▶ **Exercise brief**: Exactly as written, set down each line of the data below except its pictures.

▶ **Dataset section**:
● ● ●
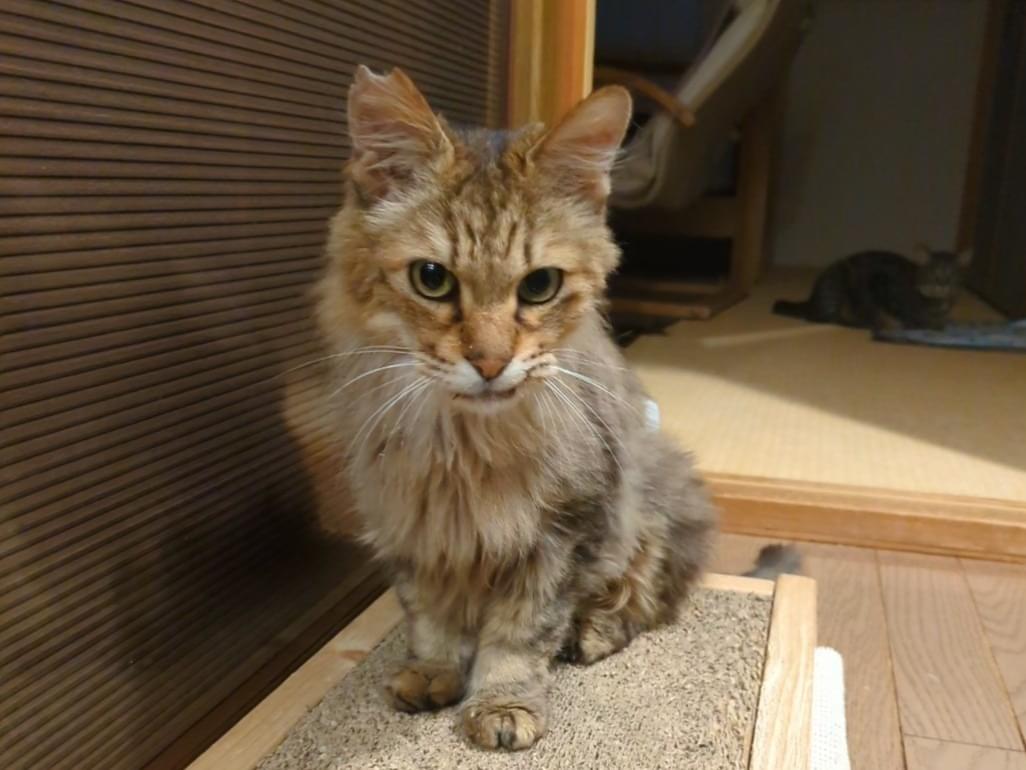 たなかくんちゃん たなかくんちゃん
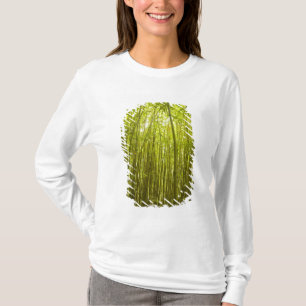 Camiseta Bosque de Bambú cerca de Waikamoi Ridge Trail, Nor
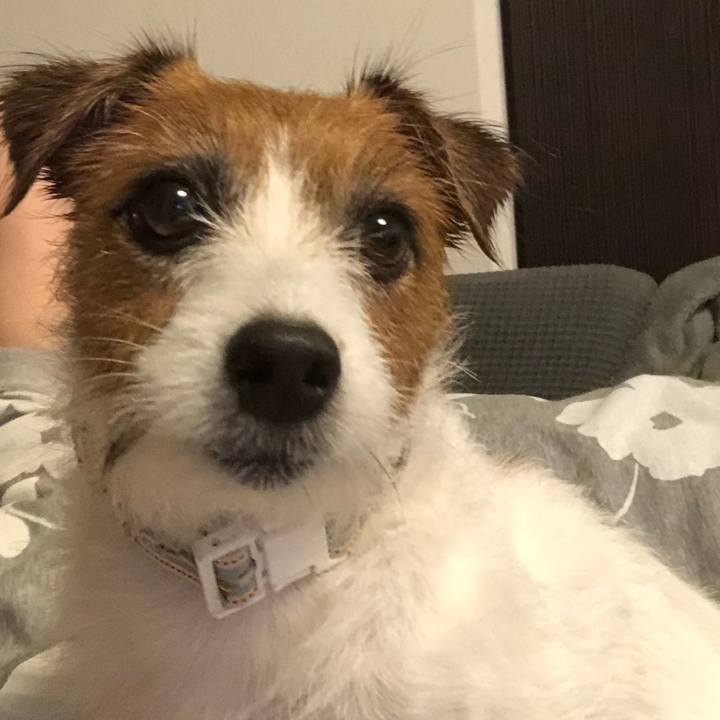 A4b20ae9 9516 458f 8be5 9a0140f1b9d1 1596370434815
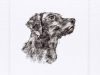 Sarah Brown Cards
● ● ●
▶ **Response area**:
 たなかくんちゃん たなかくんちゃん
 Camiseta Bosque de Bambú cerca de Waikamoi Ridge Trail, Nor
 A4b20ae9 9516 458f 8be5 9a0140f1b9d1 1596370434815
 Sarah Brown Cards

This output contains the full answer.